This complaint is also rueful, but it is manly. The poet calk to mind old heroes and heroines, such as Weland (remembered still as Wayland Smith, in Scott's "Kenilworth"), who suffered many misfortunes, but endured them bravely. The poem is in stanzas; each ending with the burden or refrain,

That evil he overcame,
So may I this!

[Pg 13]

It is like the often repeated word of Odysseus in Homer:—

Endure my heart,
Worse hast thou endured!

One sorrow of the poet is that his lord has taken from him the land which he held as a minstrel, and given it to another singer. Now he is in new trouble.

That I surmounted,
So may I this!

Probably there were many other poems with refrains, or recurring lines at the end of each stanza; this is a very old poetic device; originally the refrains were sung in chorus by the listeners as they danced to the music of the minstrels.

The Seafarer.

In this poem, as in "Beowulf," the sea is spoken of as it would be by men who knew its wild moods; cold, tempest, biting salt water, danger, and grey waves under driving rain, yet the seafarer loves, it. The poet says that (like

The gentlemen of England
Who live at home at ease,)

many a one knows not the dangers of the deep, while the minstrel has heard the swan sing through the ice-cold showers of hail and the spindrift. But the coming of spring and the cuckoo's cry, admonish the brave man to go seafaring, despite the distresses; they are more inspiriting than life on land.
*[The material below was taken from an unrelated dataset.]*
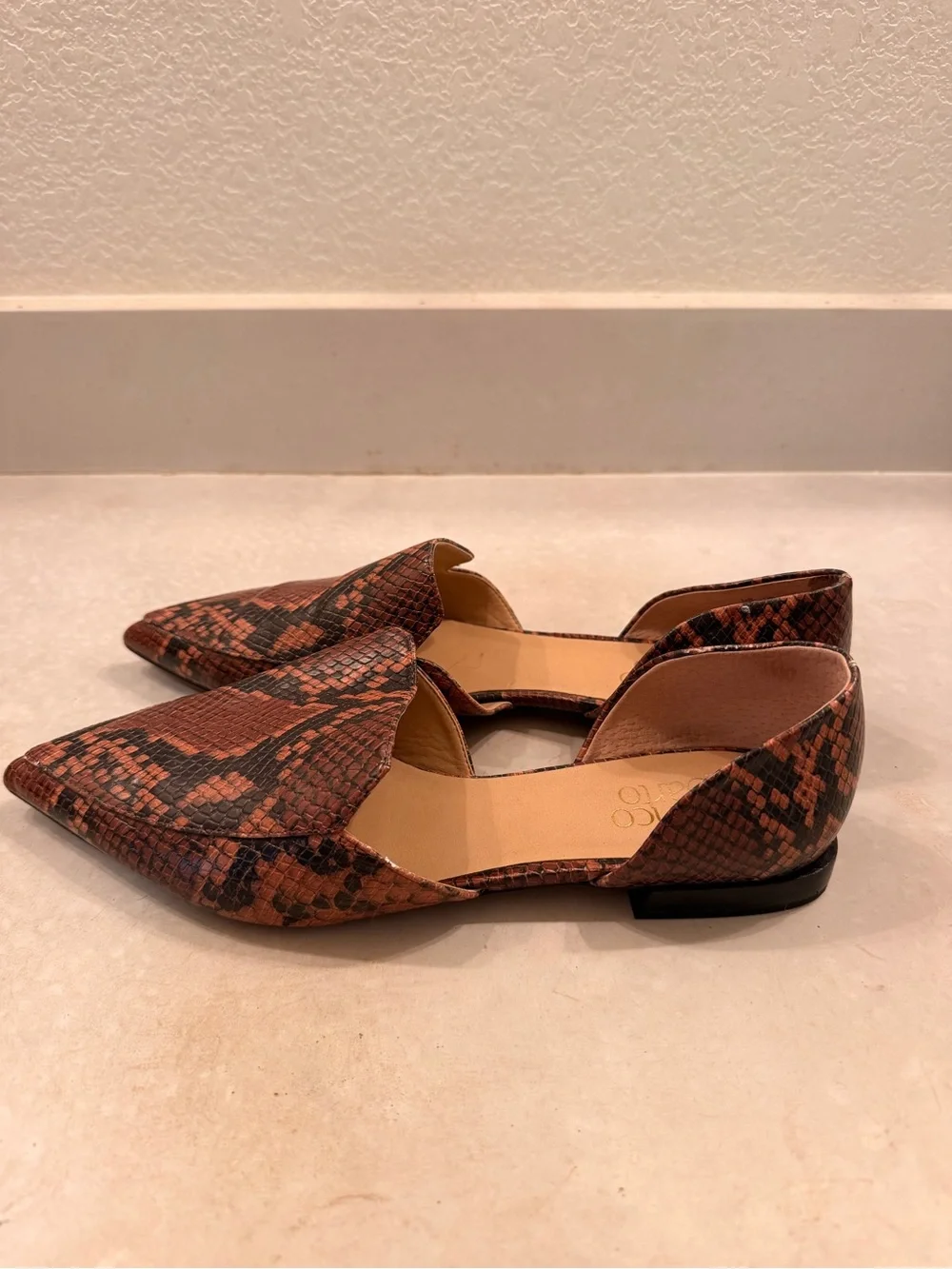 Franco Sarto Pointed D'Orsay Flats in Brown Snake Print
He is a Christian, but he falls back on the old melancholy for the passing of kings and gold-givers. Though he preaches over much, he still thinks of the bale-fire as the mode of burial, as if Christian rites of earth to earth were not yet adopted.

Waldhere.

Of this poem only some sixty lines exist. They were found at Copenhagen, written on two pieces of vellum which had been used in binding a book: it is common to find fragments of early printed books or manuscripts in the bindings of books more recent. One[Pg 14] page of "Waldhere" contains a speech by the heroine of the tale, Hildeguthe, urging Waldhere to fight Guthere; the other fragment has portions of a dialogue between the two combatants.
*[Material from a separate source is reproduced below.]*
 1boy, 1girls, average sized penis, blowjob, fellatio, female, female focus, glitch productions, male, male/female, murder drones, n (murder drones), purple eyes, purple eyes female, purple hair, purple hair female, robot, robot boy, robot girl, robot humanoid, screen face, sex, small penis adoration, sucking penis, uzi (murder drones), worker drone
The names of the personages show that the poem was one of which we have other versions, the most intelligible is a Latin form in verse.[4] The story deals with an adventure, real or romantic, in the wars of Attila with the Franks. Waldhere, an Aquitanian hostage, brought up in Attila's court, with his betrothed lady, Hildeguthe, daughter of the King of the Burgundians, is now keeper of Attila's treasures; he and his friend Hagen escape; Hagen, who first fled, reached the court of Guthere, King of the Franks, and hearing there that a lady and a knight, with a treasure, are wandering about, he recognizes his friends, and follows them with King Guthere (who mainly wants the treasure), and with eleven other warriors. Hildeguthe sees them coming, and Waldhere, who will not give up the treasures, slays the eleven companions of Guthere, who are chivalrous enough to "set him man for man," as the Scottish ballad says, in place of overpowering him by numbers. Hagen, of course, does not want to fight his friend Waldhere, but Fate, the Anglo-Saxon Wyrd, is too strong: Waldhere has to encounter both Guthere and Hagen, for Hagen is Guthere's man, or thegn, and may not disobey him; moreover, he must avenge his nephew, whom Waldhere has already slain. All three men receive terrible wounds, and then they make friends; and Waldhere keeps both his lady and the treasure.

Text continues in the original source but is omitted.